A good example of a use case for dataclasses that I’ve run into in the wild comes when working with the spotty, inconsistent APIs that some proprietary security tools provide. When you’ve got different endpoints naming the same things differently, and data that is normally easy to find in the UI of your appliance instead hidden away in some poorly maintained module, representing your data as classes can help you limit coupling between the code collecting and normalizing the data, and the code processing the data.
Basic Usage
Below is a basic example of defining a Vulnerability data class, we can use type hinting and the @dataclass
decorator to skip over needing to create a constructor method
from dataclasses import dataclass
# Notice the lack of a need for a constructor!!
@dataclass
class Vulnerability:
# The colon notation is type hinting, its definitely worth checking out if it looks new to you: https://www.python.org/dev/peps/pep-0484/
cvss: float
# We can easily set default values as well!
cve: str = None
vuln = Vulnerability(cvss = 7.7, cve = "CVE-2021-36958")
print(vuln)
# Outputs: Vulnerability(cvss=7.7, cve='CVE-2021-36958')
Here is that same class without using dataclasses:
class Vulnerability:
# Notice the need for a constructor, this can become more cumbersome as you need to add more and more attributes to this class
def __init__(self, cvss: float, cve: str = None) -> None:
self.cvss = cvss
self.cve = cve
vuln = Vulnerability(cvss = 7.7, cve = "CVE-2021-36958")
print(vuln)
# Outputs: <__main__.Vulnerability object at 0x7f6aa801d4c0>
You’ll notice two main differences here:
- Less typing, and no need to repeat yourself when defining passing in constructor parameters
- The output of printing the dataclass is much more useful, rather than just giving us the memory address and object type.
Usage with Pandas
To combine the two things we’ve covered in this post, we are going to create a dataframe made up of dataclasses converted to dictionaries.

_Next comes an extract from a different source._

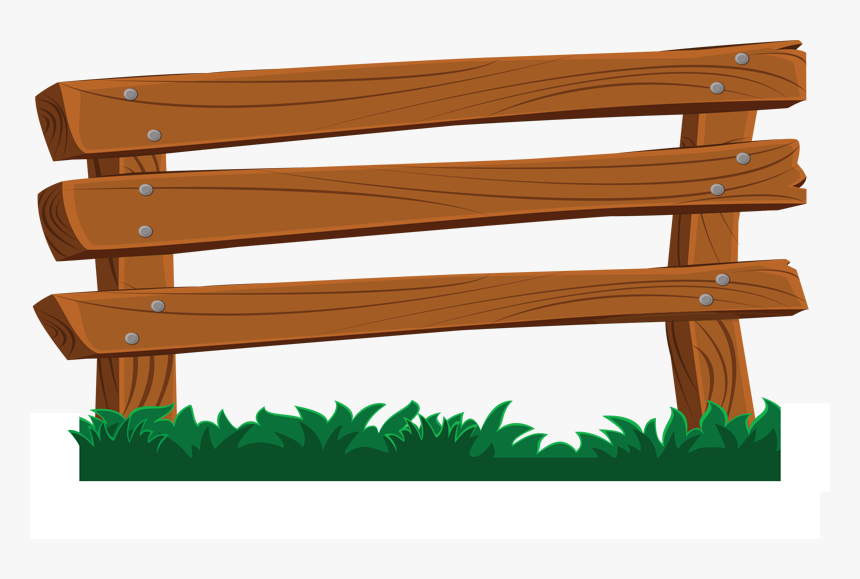 Free Png Picket Fence With Gate On Country Road - Fence Clip Art, Transparent Png, Free Download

A common use case (and one I’ve run into in the wild) is needing to output the results of some analysis run on dataclasses as a CSV, I’ll show that example here:
from dataclasses import dataclass, asdict
import pandas
@dataclass
class Vulnerability:
cvss: float
cve: str = None
print_nightmare = Vulnerability(cvss = 7.8, cve = "CVE-2021-36958")
sequoia = Vulnerability(cvss = 7.8, cve = "CVE-2021-33909")

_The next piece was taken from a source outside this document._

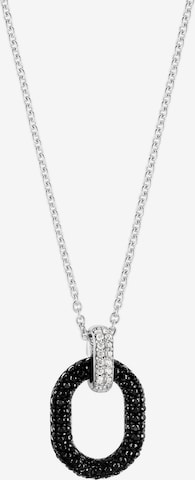 JETTE Necklace in Silver: front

confluence = Vulnerability(cvss = 9.8, cve = "CVE-2021-26084")
# Construct a list of dictionaries using list comprehension and dataclasses asdict() method
cves = list(asdict(d) for d in [print_nightmare, sequoia, confluence])
df = pandas.DataFrame(cves)
df.to_csv("output.csv")
Dataclasses are very powerful when representing data as a class. They become cumbersome when attempting to fit a lot of functionality into a single class, but they can be very helpful for pure analysis.
e3fc2fd @ 2021-10-11